I can't see the pics but it sounds good, you may want to add greens to peck at, one idea was use a clay pot with a large hole in the bottom, put for example parsley in a bouquet in the hole upside down, then put in a heavy vase of water and put the clay pot over that so the parsley is in water but protected by the pot., they can reach up and peck at it.nor jump fly on it.


----------



## CBL (May 13, 2014)

No pics?......


----------



## CanvasDove (May 6, 2015)




----------



## Jay3 (May 4, 2008)

The nest boxes are out in the aviary? Rats, skunks, and raccoons can dig under with a dirt floor. Are they going to have nest boxes inside the building, with an opening to get outside when they want?


----------



## CanvasDove (May 6, 2015)

There is a cement footing, and chicken wire buried 1 1/2 feet out from the edge of the building. The nest boxes outside are their temporary home while we finish the inside - those will be removed and new nest boxes made for the inside. We had to put in a new subfloor in the building, and are still finishing out the walls and ceiling. There is now a full door for me, as well as a small one for them (in the works) to allow access to the outdoor area. Today, the current door on the outside of the building was replaced with a big window and siding below.

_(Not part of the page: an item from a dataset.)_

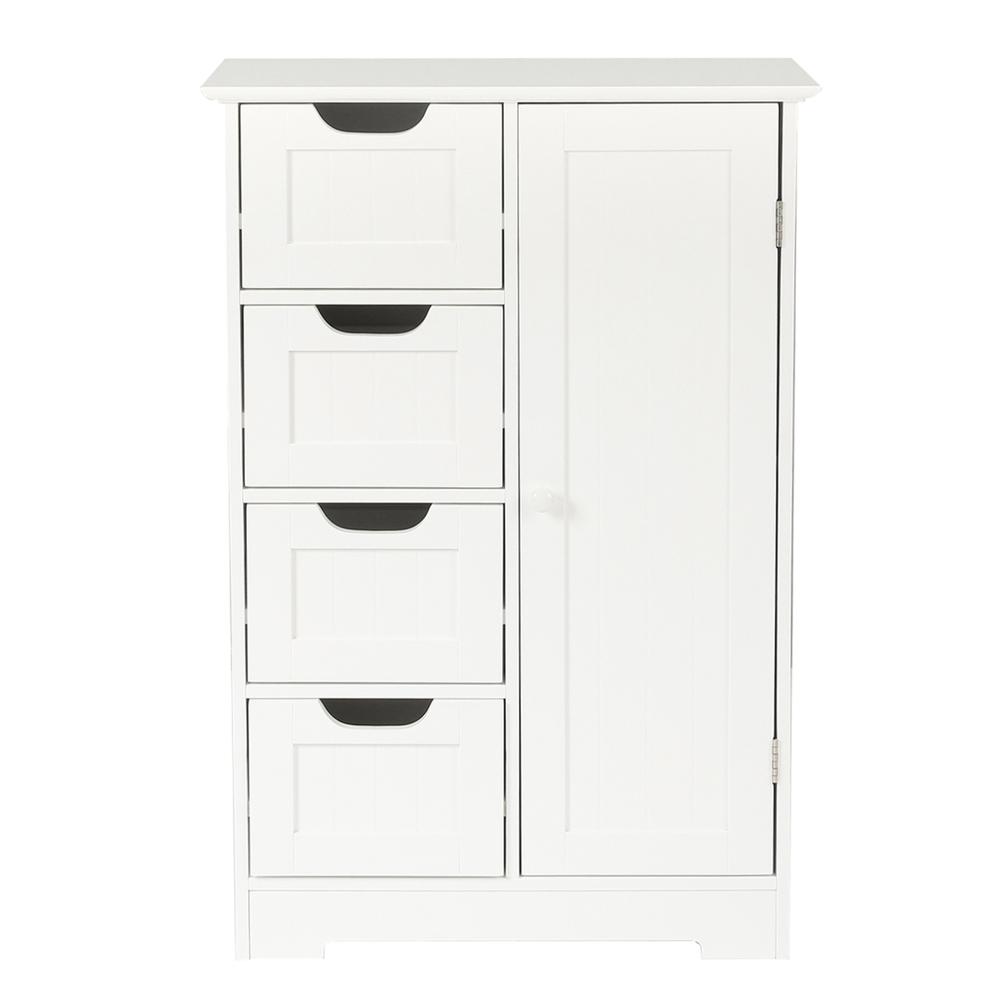 White MDF Wood Bathroom 4-Drawer 1-Door Storage Cabinet. Picture 2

I am trying to make it as useful as possible for the non-fliers, while planning ahead for possible future birds as well - which was why we kept the rafters and finished the pitched ceiling.


----------



## Jay3 (May 4, 2008)

I think it's wonderful that you are fixing it up with the handicapped birds in mind. I have a rescue loft, with some non flyers as well, and they get around fine. Keeps it more interesting when building for them also. I have one couple who has a box in the second row up. She never would settle for a bottom box, and was hopping up on perches and around corners to get into this box. So I ended up making the perches more shelf like to give her more room and make it easier for her. They do fine, as the table that holds the drinker is on another side in the loft, but on the same level as their box. They can walk right over to it. Also, the window to the aviary is on the same level, and they can also walk right outside although it isn't floor level. I set up boxes in the aviary just outside the window, which is where the bath boxes are put up. So they can walk right outside to the bath. The loft wasn't originally built for non flyers, so we had to change a few things and make adjustments. Would have been less complicated if we had thought of the fact that there might some day be birds who would need these things. But it's been fun and interesting trying to accommodate them. I would love to see your loft as you go along. Always good to get new ideas.
Your set up looks great. Lots of room. Love the aviary.
Hardware cloth, 1/2 inch, keeps out rodents and snakes without screen. Screen blocks out the suns rays that they need for vitamin D.
I do drop down pet screen on the dark rainy days of summer, as the mosquitoes are out around here when the weather is like that. On the sunny days, it rolls back up.


----------



## CanvasDove (May 6, 2015)

I'm really excited to get their interior space complete. We moved here a year and a half ago and have completely remodeled the inside/outside of our fixer upper house, as well as designed and built the two aviaries around an existing building that needed extensive work. I am a wildlife rehabber (doves and pigeons) and got my pigeons from another rehabber who was moving out if state. There are 5 ferals and one Homer, all with permanent injury. Two bonded m/f pairs, and one pair of bonded ladies. I will post photos as I go along, and deeply appreciate advice, as I am new to this! Just want them to have the best life I can offer them.


----------



## Jay3 (May 4, 2008)

Wow, you guys have been busy. Well you'll probably get a lot of ideas here. Have fun with it.


----------



## Jay3 (May 4, 2008)

How's it going with the loft?


----------



## CanvasDove (May 6, 2015)

The loft is moving along slowly due to constant rain, but it was finished enough to move them in last weekend. The only features inside are the shelf below the window (with a ramp) and some temporary nesting containers. They have access to the outdoor area through their own small door, and a small covered deck.


----------



## Jay3 (May 4, 2008)

Aww, that's cute. Bet they like getting outside.
I had a ramp at that angle but some would slide on it, so I had to raise the bottom of it and give them a step, to give the ramp less of an angle. Also changed to rougher wood, but that does make it harder to clean. That's nice. Can they all get down off that porch without another step? One of my hens would need another step down, as she sometimes has trouble with one of her legs. Or maybe a small ramp. I think they are lucky they have you. Thanks for the pics.


----------



## CanvasDove (May 6, 2015)

So far everyone is able to access all areas, though I am adding a step down from the deck. When the rain lets up, I want to build something (perhaps a ramp and platform) for them to perch on outside, and high shelves for possible flighted birds in the future. Also nestboxes with dividers, as they seem to squabble more without divisions.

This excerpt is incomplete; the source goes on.